Внезапно она вцепилась в мое пальто.
«Мне страшно, мосье Рауль. Страшно, говорю я вам! Я боюсь ее. Нет, не в ушах. Вот тут! — Она постучала по своему лбу. — Скоро она совсем меня выживет, и что я тогда буду делать? Что со мной тогда будет? Может, вы мне скажете?»
Ее голос сорвался на визг. В глазах застыл ужас загнанного животного… Неожиданно она лукаво улыбнулась, мигом превратившись в хитроватую крестьянку. Но что-то в этой улыбке заставило меня в испуге отшатнуться.
«Так вот, мосье Рауль, если до этого дойдет, я знаю что делать. У меня очень сильные руки, мосье Рауль, очень…»
До того я никак не обращал внимания на ее руки. Взглянув на них теперь, я невольно содрогнулся. Вздувшиеся вены, короткие мясистые пальцы… Все это говорило о чудовищной силе. Не могу передать, как нехорошо мне вдруг стало. Такие же руки, наверное, были у ее отца, задушившего свою жену.
…Это был последний раз, когда я видел Фелицию Баулт.

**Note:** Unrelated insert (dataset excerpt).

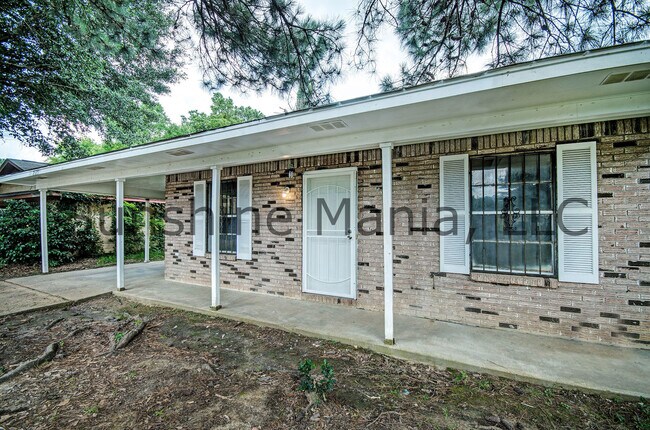 Foto del edificio - 2325 Lake Glen Dr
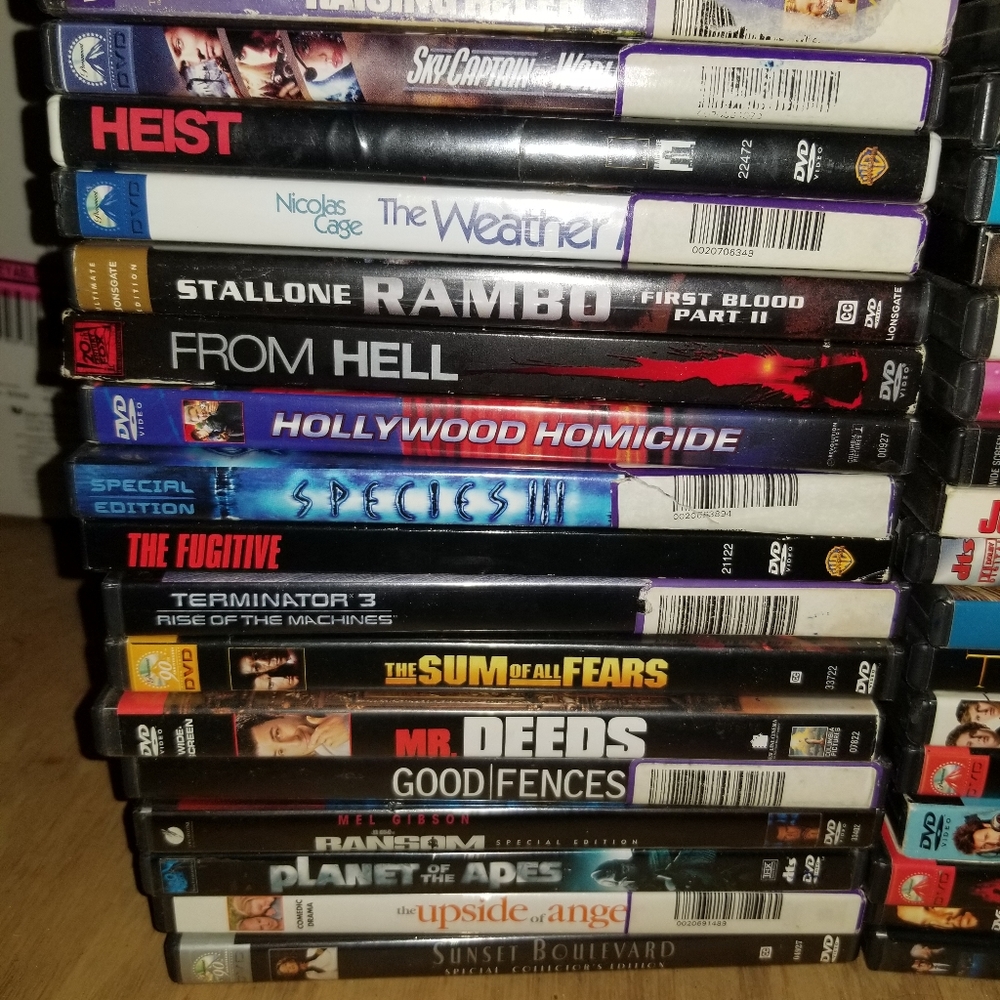 DVD LOT - Picture 10 of 11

Вскоре я уехал в Южную Америку и вернулся только через два года после ее смерти. Кое-что о ее жизни и внезапной смерти я прочел в газетах. Остальное — благодаря вам, мосье! — услышал сегодня. Фелиция-три и Фелиция-четыре, говорите? Что ж, она была прекрасной актрисой…
Поезд начал замедлять ход, и мужчина принялся застегивать пуговицы своего пальто.
— А как вы сами все это объясняете? — спросил адвокат, подавшись вперед.